Blazek also cited concerns about liability. “With the ATV/UTV, because that’s a state code, that’s on the state and the county,” she said. “This would be completely on the city.”
Councilwoman Kiki Scarberry has been vocal in her support of ATVs, UTVs and golf carts since the beginning. At their September meeting, Scarberry questioned the difference in safety between a golf cart and a four wheeler. “They would have to be treated equally,” she said. “As far as safety goes, I think we really have to sit back and ask ourselves what the community wants because that’s our job. Our job is not to save them from themselves. I don’t think the numbers justify saying it’s just not safe.”
During the public hearing prior to the vote, several residents spoke in favor of the ordinance. John Giza said the ordinance was well-written and urged the council to approve the ordinance. Carey Lynam and Rick Scarberry voiced similar sentiments.
Written correspondence against the ordinance came in from JoAnn Larkin Bradley. “We have laws requiring seat belt usage in vehicles that already do provide some protection to our bodies and also laws requiring special car seats for all children up to a certain age and body size for extra protection for them. Golf carts have neither,” the letter stated. “Think of the accidents we read about already that are caused by distracted drivers.”
The ordinance will face two more votes as the council must approve the second and third reading before it is officially approved. If the votes were to switch, the ordinance would not be approved. From there, the council would either need to rework the ordinance and start the process over or the ordinance would be tabled.
While ATVs and UTVs are much less limited on time of usage, golf carts would be restricted to March 1 to Nov. 1 with golf carts only allowed from sunrise to sunset.
The ordinance requires golf cart drivers to be at least 18 years old and have a valid operator’s license. The number of passengers cannot exceed the number of seats in the cart.
Golf carts will be prohibited from driving upon any city streets with a posted speed limit of 25 mph or greater.
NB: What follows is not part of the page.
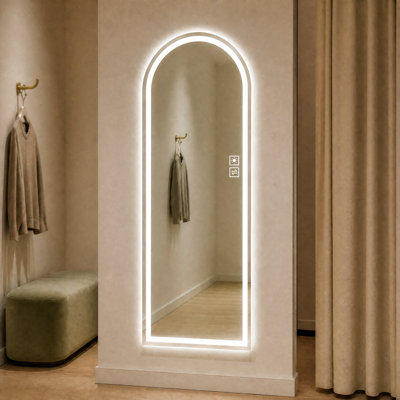 Arched LED Full-Length Wall Mirror with Dimmable Front Lighting, 3 Color Temperatures & Memory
In Creston, Highways 25 and 34, will be off limits, though they are allowed to cross over the aforementioned streets.
In addition to those highways, carts will not be allowed on trails, sidewalks or in city parks.
In order to use a golf cart on city streets, the vehicle must pass a safety inspection by the Creston Police Department, obtain a City of Creston Permit and have the following criteria:
- A slow-moving vehicle sign
- A bicycle safety flag, the top of which shall be a minimum of 5 ft from ground level, and extend a minimum of 2 ft above the highest point of the golf cart
- Brake lights
- Adequate brakes to stop and hold the cart in a stopped position
- Liability insurance (minimum of $300,000) in coverage
Violations of the provisions will result in a misdemeanor. First time offenders will be subject to a $100 fine and revocation of the permit for a six month period. Second time offenders will be subject to a fine of $300 and permanent revocation. Permits may also be revoked by the police chief as a result of any violation.
The council will meet at 6 p.m., Tuesday, Dec. 6 for their next meeting where they will vote on the second reading of the ordinance.